The first performer of the song was showman and disc-jockey Sergey Minaev. Later the song entered the repertoire of Valery Leontiev, who released it on album Wicked Way in 1990.

== Sergey Minaev version ==

Original version of the song was recorded by popular Soviet disc-jockey Sergey Minaev. Chernavsky was introduced to Minaev by sound engineer Vladimir Shirkin a few days before the recording.

The recording was made in 1986 in Chernavsky's home studio. Yuri attracted to the recording of backing vocals several famous singers with whom he was working at that time. Everyone was ready to help the young performer. The arrangements were recorded by Yuri in the then fashionable euro-disco style.

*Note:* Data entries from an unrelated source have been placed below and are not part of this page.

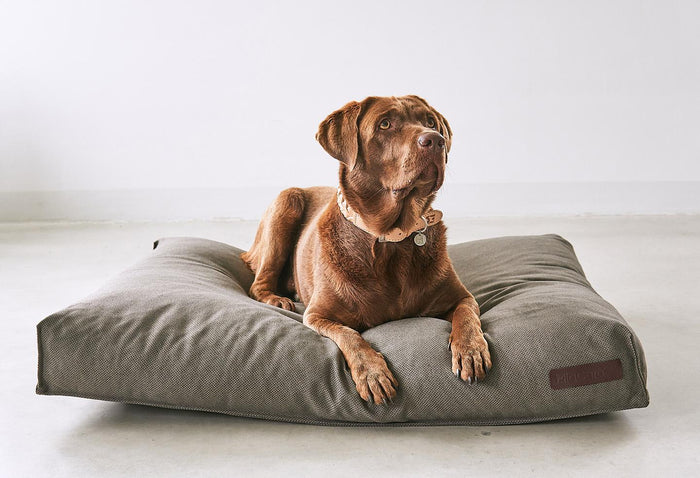 6c6b17ed-4b57-4d25-bf4f-897ae462197f-sfeerbeeld.jpg (7475309) 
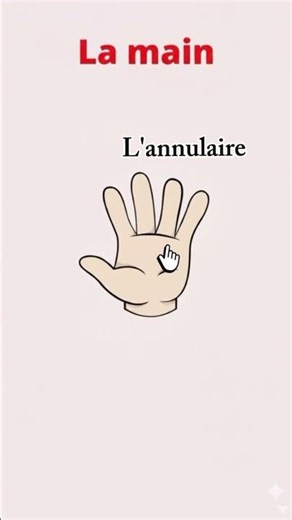 Apprenons ensemble les noms des doigts en français.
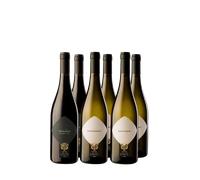 Wine Box La Vis (6bt)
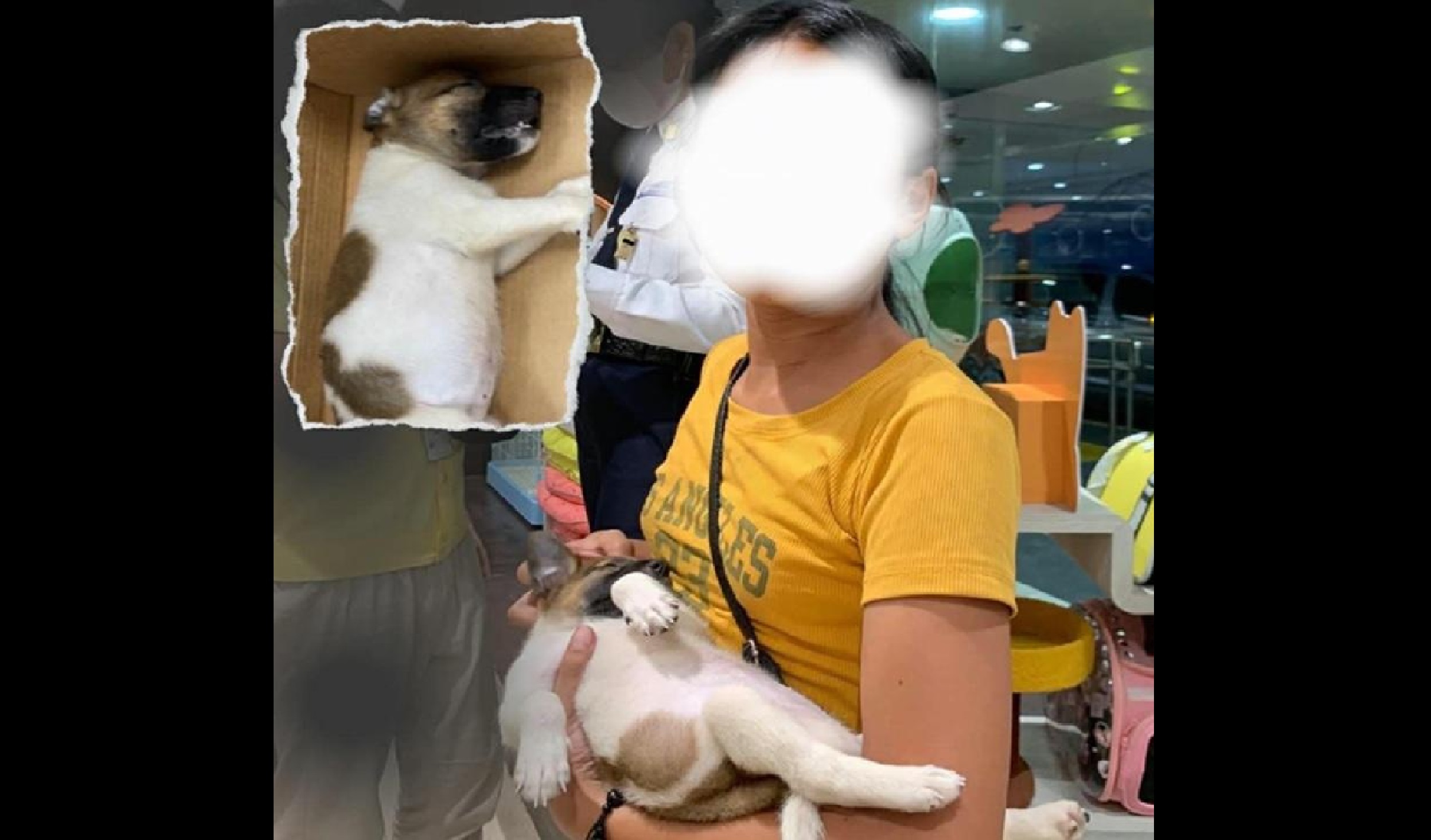 Sekyu sa mall, guilty ang hatol ng korte sa paghagis at pagpatay sa isang tuta sa QC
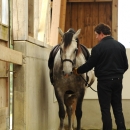 Barockes Reiten mit Richard Hinrichs - September 2012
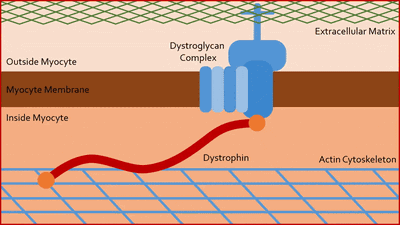 Dystrophine image1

During the same period Chernavsky recorded other songs with Minaev — "Shaman" and "Disco Princess". Subsequently, the composer recalled: "...Seryozha Minaev was extremely talented, efficient and bright, easy-going."

The song "Margarita" immediately became popular in Moscow clubs, spread across the country on samizdat "cassette singles" and became an All—Union hit.

Chernavsky's songs, including "Margarita", were not included in Minaev's albums until 2002, although included in his magnetoalbums; mastertapes being considered lost. In 2006, Minaev recorded a remix version for the album "Pirate of the XX century".

== Valery Leontiev version ==

In 1987, after Sergey Lisovsky, with the assistance of Chernavsky, organized SPM "Record", Minaev no longer collaborated with Yuri. In 1989, Chernavsky, without waiting for the release of the song on LPs, produced the recording of the second version of "Margarita" — with Valery Leontiev.

A month later, director Vadim Korotkov and co-director and screenwriter Yuri Grymov shot a music video, which received wide rotation on Soviet television. The role of Margarita was played by model Olga Anosova.

The song was the leader in the TV contest "Pesnya-89". and reached the highest ranks of the USSR charts.

===Editions===
- Album Wicked Way (1990)
- Album There, in September (1995)
- Album The years of wandering (2009)
- Album Best songs 1 (Valery Leontiev) (1999)
- Album Best songs 2 (Valery Leontiev) (1999)
- Album Golden Collection of Russia (Valery Leontiev) (2000)
- Album The BEST of Valery Leontiev (2001)

== Legacy ==
Valery Leontiev highly appreciated his work with Yuri Chernavsky on the song "Margarita" and other joint projects. Minaev described Chernavsky as "an underrated genius".

Afisha Daily, in the article "What is the post-Soviet sound?", cites the song as a vivid example of post-Soviet pop music (formally belonging to the Soviet era, the composition denies it in sound and subject matter) as well as "reading the night as a time of magical adventures", which has become one of the trends of post-Soviet pop music.